- Mena is set to witness the birth of more than 45 unicorns in the next eight years, with an estimated total equity value to reach more than $100 billion, according to an STV report.
- The report claims that more than 55 per cent of Mena’s population is under the age of 30, who are avid consumers of digital media, with an average daily social media consumption of 3.5 hours, which creates the right environment for unicorns to thrive.
- It also projects that underdeveloped sectors like finance, logistics and real estate are key areas for technological disruption.
MENA is one of the most attractive markets for the development of technology ventures and has the potential to produce 45+ unicorns in the next 8 years according to the latest report published by STV, the largest technology investment company in the region. Based on benchmarks of comparable markets globally and STV proprietary market insights, the report estimates that the total equity value of these companies could reach beyond $100B, as some of those technology companies will reach a valuation much higher than the $1B required to be called a unicorn.
The report titled “From Startup to IPO: Unlocking a $100B+ Opportunity” shares analysis and learnings on how to further enable and nurture the ecosystem, in addition to laying out a possible playbook on scaling technology companies across multiple sectors and countries in the MENA region.
This report follows STV’s first report published in 2019, which projected a strong acceleration of MENA and Saudi Arabia’s VC deployment. The new analysis further solidifies the notion that MENA’s tech ecosystem is at an upward tipping point with ample headroom for growth and even realisations.
The report highlights some of the major challenges that inhibit MENA tech ventures from scaling throughout the region and proposes a playbook that addresses these challenges through cracking the largest market in the region, replicating that success through in-organic growth channels, and finally maintaining regional independence while maximising growth.

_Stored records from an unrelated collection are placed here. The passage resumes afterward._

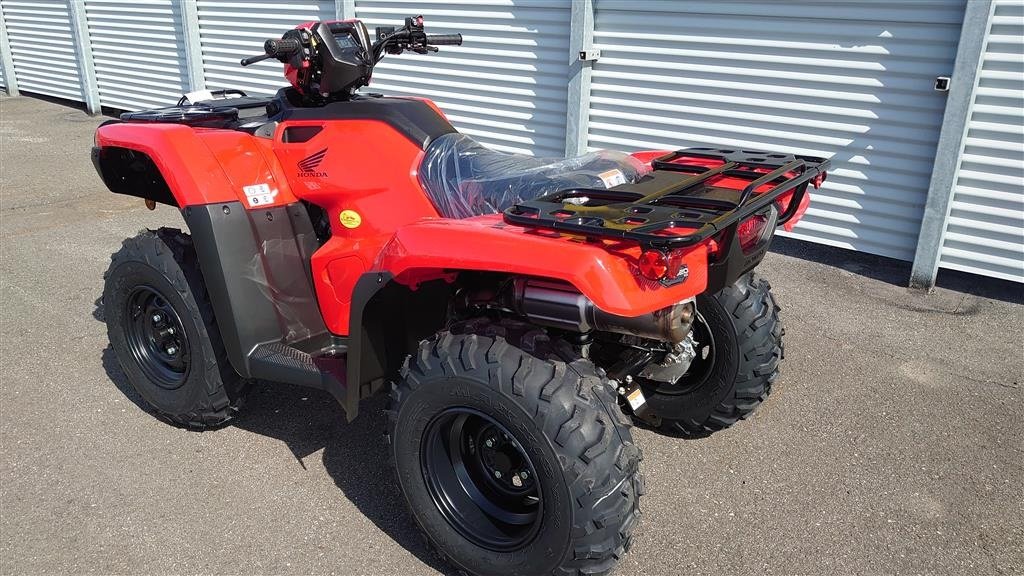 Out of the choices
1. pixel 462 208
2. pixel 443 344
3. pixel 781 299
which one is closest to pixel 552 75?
pixel 781 299

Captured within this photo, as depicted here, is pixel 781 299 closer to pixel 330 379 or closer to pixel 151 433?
pixel 330 379

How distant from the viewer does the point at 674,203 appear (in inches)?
99.7

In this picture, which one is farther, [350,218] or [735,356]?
[735,356]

While the report highlights the growth potential for the wider MENA region, it zeroes in on Saudi Arabia as an anchor market for venture activity and IPOs. The Saudi market’s high GDP, positive transformational reforms, and deep public market which today is one of the top 10 largest globally in terms of market capitalisation makes it the gravitational centre of the region attracting the most promising tech ventures. Furthermore, the Saudi public sector has undertaken numerous initiatives that greatly support the development of technology ventures, from launching a number of regulatory sandboxes, to promote digital adoption and APIs within government entities, to investing in regional VCs. The role of regulators and government stakeholders has been pivotal in igniting this journey and attracting regional and international resources toward a clear and compelling vision.